Required action: Please set down exactly the lines from the one that contains "Obegghuus By Interhome דירה" through the end of the material, leaving out every picture.

Data:
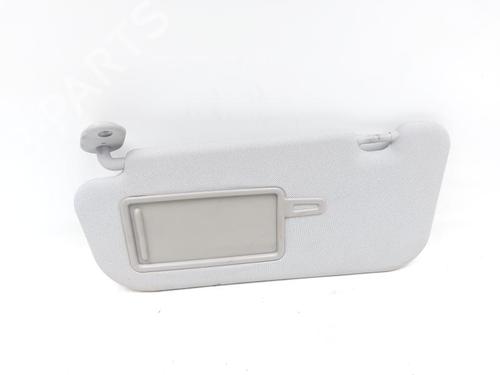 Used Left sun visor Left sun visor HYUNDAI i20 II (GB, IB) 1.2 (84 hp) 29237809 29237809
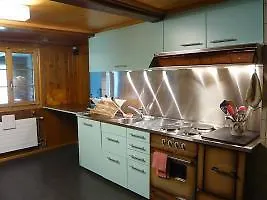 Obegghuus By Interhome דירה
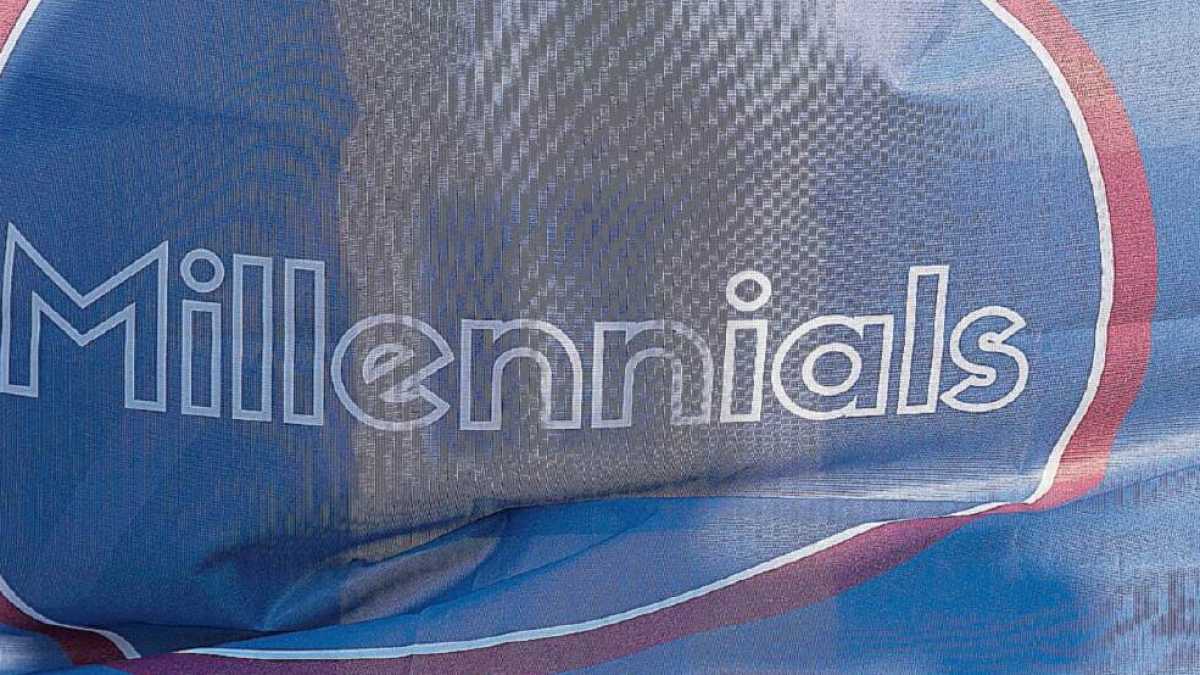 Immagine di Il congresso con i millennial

Result for this exercise:
 Obegghuus By Interhome דירה
 Immagine di Il congresso con i millennial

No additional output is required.